葛窪の白蛇の碑

原文

むかし、八ヶ岳のふもとの池袋の村はずれに、池生(いけのう)神社の池があったと。

ほの池のまわりは、でっけえ木がしげって、昼間でも、うす暗えとこだって。ほの池に蛙や、蛇が飛びこむと、すぐ池の主がひきずりこんでしまうもんで、村人から、おっかながられていたって。

だけんど、客呼びや、おとぶれえなどで、お膳がたりねえ時は、ほの池の主に、おねげえすると、ひつようだけ、ちゃんとかしてえくれただと。
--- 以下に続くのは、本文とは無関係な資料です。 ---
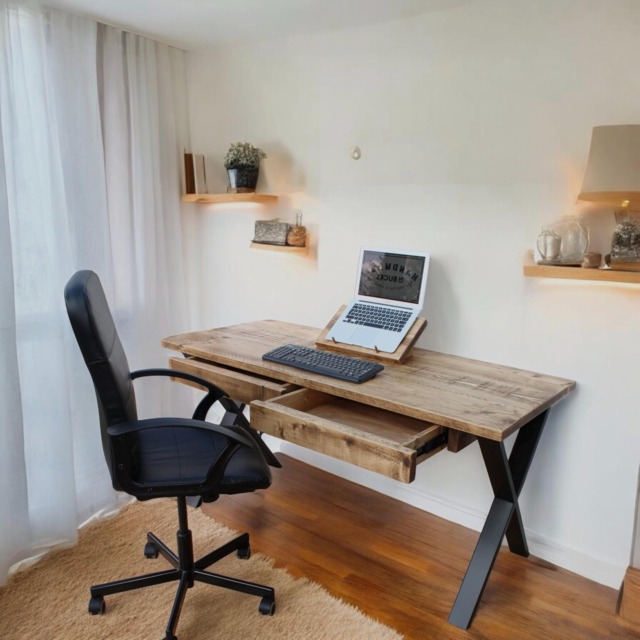 Solid Wood Desk With 2 Drawers On Steel X Legs - Rustic UK Handmade Wooden Office Custom Size Chunky Computer Timber - image 1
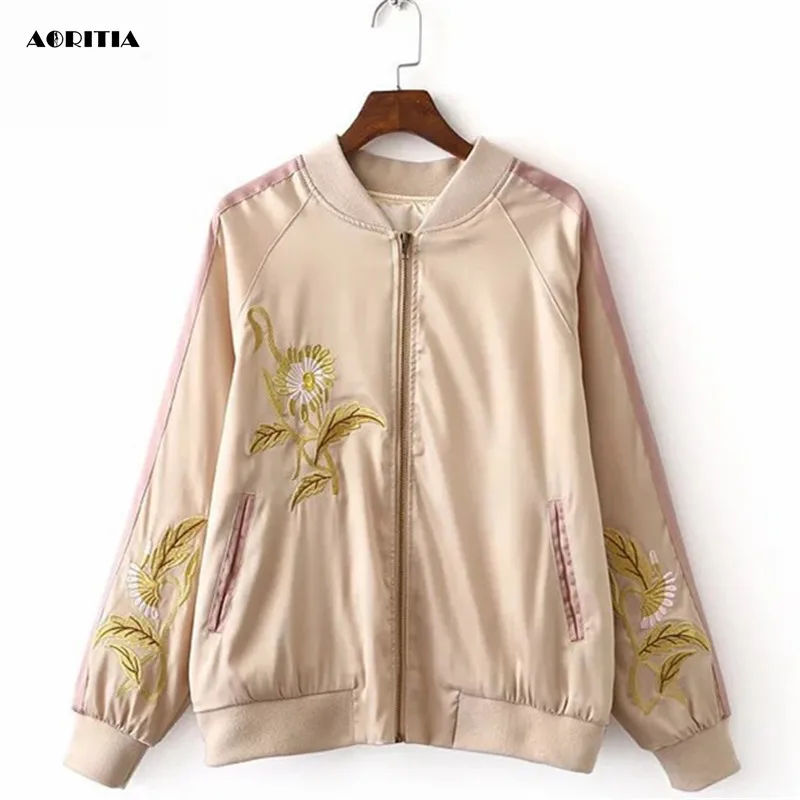 2019 Women Embroidery Aviator Jacket Silk Satin Ladies Baseball Bomber Jackets Camperas Mujer Abrigo
2019 Women Embroidery Aviator Jacket Silk Satin Ladies Baseball Bomber Jackets Camperas Mujer Abrigo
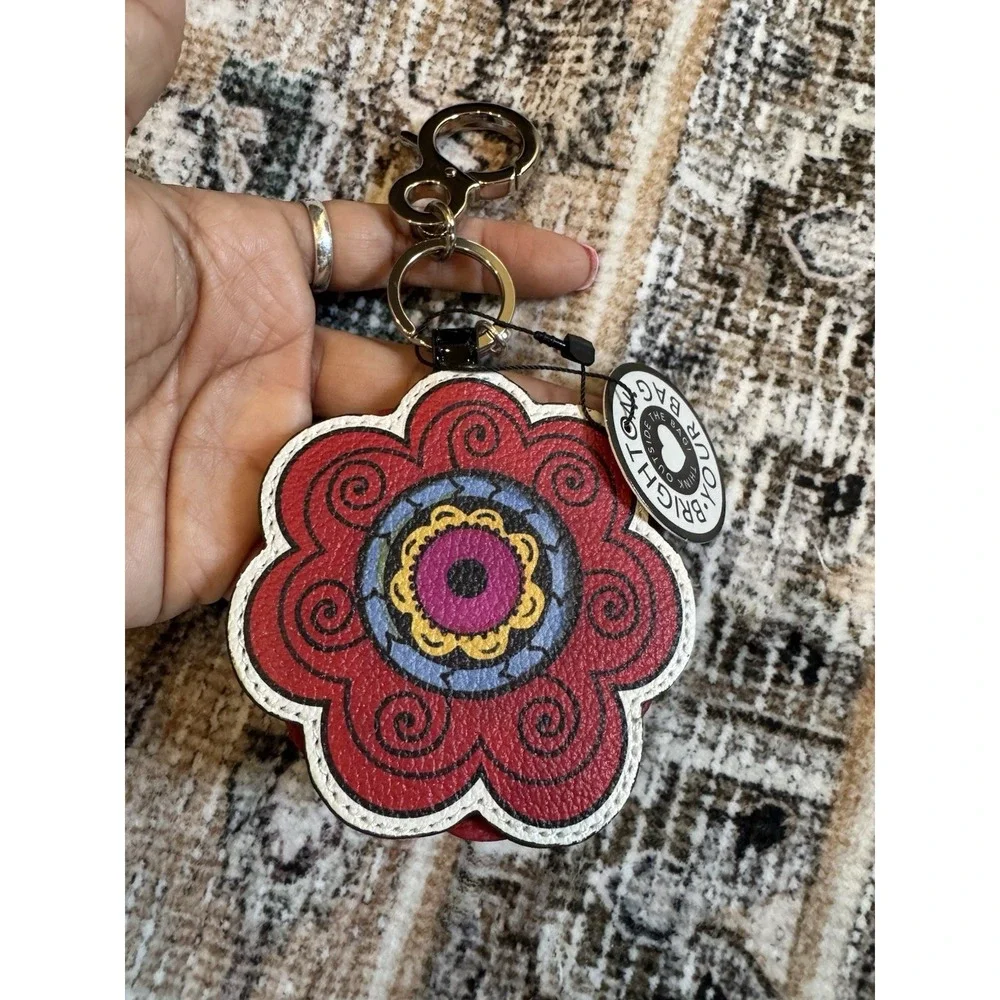 Brighton Bloom heart‎ Leather Flower Fob Key Chain NWT handbag charm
村のしょうは、たりねえ時にゃあ、いつもかりていただって。

おねげえする時は、かならずま夜中だと。ほして、かえす数が一膳でもたりねえと、もうかしてもらえねばかりか、おそろしいたたりにあうだって。

池袋に、年取った夫婦と、おさわという娘がおったって。

おさわが十四才の秋、となり村から、むこ様をむかえることになったと。ところが、おさわの家は、びんぼうだもんで、お客に使うお膳がなかったと。

かわいいおさわの婚礼を、にいやか(賑やか)にやりてえ。ほれには、池の主にかりずと、夫婦は、ま夜中池にでかけたと。

「池の主さま、おさわの婚礼に使うお膳を、二十人前かしてくださいましょ、おねげえ申します。」

と、おっかなびっくり、たのんだって。

ほうすると、まっ黒い池の水が、ピカッ、ピカッと光って、水がピシャ、ピシャと音をたてたって。

夫婦は、次の朝、池へいってみると、池のはたに、しゅぬりのお膳が、ちゃんと二十膳あったと。どこにもねえ、とてもいいやつだったって。

おかげで、おさわの婚礼は、しんるいしょうや、おとなりしょうがよって、にいやかにおえたと。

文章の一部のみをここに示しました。